"We are on the right track, comrade," said I, lightly, steering my course along the shore toward Cobequid.

Her only answer was to fall a-paddling with such an eagerness that I had to check her.

"Now, now," I said, "more haste, less speed."

"But I feel so strong now, and so rested," she cried passionately. "Might we not overtake them to-night?"

"Hardly so soon as that, I fear, Madame," I answered. "This is a stern chase, and it is like to be a long one; you must make up your mind to that, if you would not have a fresh disappointment every hour."

"Oh," she broke out, "if it were your child you were trying to find and save, you would not be so cool about it."

"Believe me, Madame," said I, in a low voice, "I am not perhaps as cool as I appear."

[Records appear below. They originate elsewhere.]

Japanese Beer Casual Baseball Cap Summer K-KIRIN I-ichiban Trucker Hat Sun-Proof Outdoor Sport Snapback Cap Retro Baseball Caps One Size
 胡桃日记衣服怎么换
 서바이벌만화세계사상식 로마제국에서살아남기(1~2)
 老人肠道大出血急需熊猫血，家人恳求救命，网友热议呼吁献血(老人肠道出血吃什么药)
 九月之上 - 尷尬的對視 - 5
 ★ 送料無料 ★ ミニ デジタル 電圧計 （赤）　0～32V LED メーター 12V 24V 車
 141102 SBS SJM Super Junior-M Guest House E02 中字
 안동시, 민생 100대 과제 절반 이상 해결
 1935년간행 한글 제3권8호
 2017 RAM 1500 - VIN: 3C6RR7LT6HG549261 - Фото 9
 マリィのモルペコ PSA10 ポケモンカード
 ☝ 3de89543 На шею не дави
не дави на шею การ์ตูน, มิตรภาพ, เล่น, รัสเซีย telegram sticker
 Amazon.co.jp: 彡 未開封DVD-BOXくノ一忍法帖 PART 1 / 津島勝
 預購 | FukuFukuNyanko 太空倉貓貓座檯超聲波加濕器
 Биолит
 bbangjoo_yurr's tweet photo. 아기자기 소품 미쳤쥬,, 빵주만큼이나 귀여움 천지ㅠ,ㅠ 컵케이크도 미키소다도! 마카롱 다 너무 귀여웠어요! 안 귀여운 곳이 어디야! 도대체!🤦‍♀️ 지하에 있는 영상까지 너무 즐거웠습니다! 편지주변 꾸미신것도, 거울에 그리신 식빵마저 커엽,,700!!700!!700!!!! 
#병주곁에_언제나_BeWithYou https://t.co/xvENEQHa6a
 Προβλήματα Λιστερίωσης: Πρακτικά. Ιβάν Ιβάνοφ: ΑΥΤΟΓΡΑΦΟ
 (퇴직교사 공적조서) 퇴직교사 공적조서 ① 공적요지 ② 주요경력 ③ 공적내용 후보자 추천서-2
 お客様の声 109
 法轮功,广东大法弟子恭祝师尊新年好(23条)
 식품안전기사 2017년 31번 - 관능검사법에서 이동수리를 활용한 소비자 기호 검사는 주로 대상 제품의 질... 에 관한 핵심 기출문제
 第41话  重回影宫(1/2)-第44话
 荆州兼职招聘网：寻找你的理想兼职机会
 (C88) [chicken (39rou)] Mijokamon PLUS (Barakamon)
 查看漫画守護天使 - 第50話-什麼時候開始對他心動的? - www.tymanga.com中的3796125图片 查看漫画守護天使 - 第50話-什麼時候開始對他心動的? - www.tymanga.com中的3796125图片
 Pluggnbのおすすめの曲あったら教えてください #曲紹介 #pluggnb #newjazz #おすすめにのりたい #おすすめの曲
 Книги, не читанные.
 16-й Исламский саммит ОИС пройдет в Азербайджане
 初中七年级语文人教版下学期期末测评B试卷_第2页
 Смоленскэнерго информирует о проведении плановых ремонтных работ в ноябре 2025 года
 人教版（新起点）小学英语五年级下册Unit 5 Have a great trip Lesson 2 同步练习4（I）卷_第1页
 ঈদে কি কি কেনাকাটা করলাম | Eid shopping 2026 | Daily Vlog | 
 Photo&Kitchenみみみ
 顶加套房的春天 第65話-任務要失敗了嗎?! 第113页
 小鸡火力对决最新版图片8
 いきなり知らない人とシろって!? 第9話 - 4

"Oh, what a weak and silly creature I must seem to you!" she cried. "But I will not be weak and silly when it comes to trial, Monsieur, I promise you. I will prove worthy of your confidence. But make allowance for me now, and do not judge me harshly. Every moment I seem to hear him crying for me, Monsieur." And her head drooped forward in unspeakable grief.

I could think of nothing, absolutely nothing, to say. I could only mutter hoarsely, "I do not think you either weak or silly, Madame."

This answer, feeble as it appeared to myself, seemed in a sense to relieve her. She put down her paddle, leaned forward upon the front bar, with her face in her hands, and sobbed gently for a few minutes. Then, while I gazed upon her in rapt commiseration, she all at once resumed the paddle briskly.